四天王の中で、南の方角を守護するのが増長天です。「増長」という言葉には現代ではあまり良いイメージがないかもしれませんが、本来は「大きく育てる」「成長させる」というポジティブな意味を持ちます。人々の能力を伸ばし、五穀豊穣をもたらす、まさに成長の神様なのです。
増長天とは?
名前の意味
サンスクリット語では「ヴィルーダカ」と呼ばれ、「成長した者」「芽生え」を意味します。ここから「増長天」と訳されました。自らの徳を増長させ、他者の徳も増長させるという意味が込められています。須弥山の南側、瑠璃埵(るりた)に住んでいます。
配下の鬼神
増長天は、鳩槃荼(くはんだ)と薜茘多(へいれいた)(餓鬼)を配下としています。これらは本来人間に害をなす存在ですが、増長天の力によって仏法を守る役目に就いています。
力強いその姿
赤い肌と忿怒相
多くの増長天像は、情熱や活力を表す赤い肌で表現されます。持国天同様、怒りの表情(忿怒相)で邪鬼を踏みつけていますが、これは悪を許さない強い意志の表れです。
武器と構え
片手を腰に当て、もう片方の手で戟(げき)や槍を持つ姿が一般的です。
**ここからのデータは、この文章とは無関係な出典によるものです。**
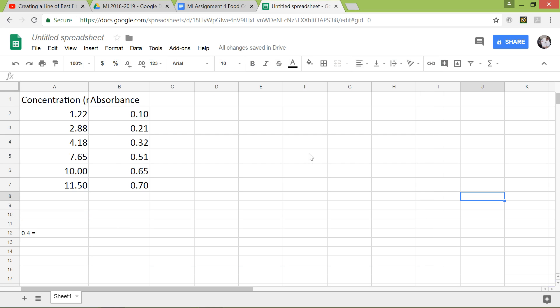Hi guys, so today I'm going to be showing you how to create a line of best fit or what's called a standard curve on Google Sheets. Last time I showed you how to create one on Excel, but this time it's going to be on Google Sheets.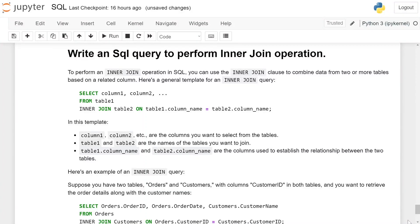Write an SQL query to perform inner join operation. To perform an inner join operation in SQL, you can use the INNER JOIN clause to combine data from two or more tables based on a related column.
堂々とした立ち姿は、南方の熱気と生命力を象徴しているかのようです。
増長天のご利益
成長と豊穣
「増長」の名が示す通り、五穀豊穣や商売繁盛、そして個人の能力向上や学業成就にご利益があるとされています。何か新しいスキルを身につけたい時や、成長の壁にぶつかった時に頼りになる神様です。
【比較】他の四天王との違い
カラーリング
四天王はしばしば色で区別されます。持国天が青(または緑)、広目天が白、多聞天が黒(または紺)であるのに対し、増長天は赤で表されることが多いのが特徴です。
まとめ
増長天は、私たちの中にある「伸びしろ」を引き出してくれるパワフルな神様です。最近成長を感じられない時は、南に向かって増長天に祈ってみるのも良いかもしれません。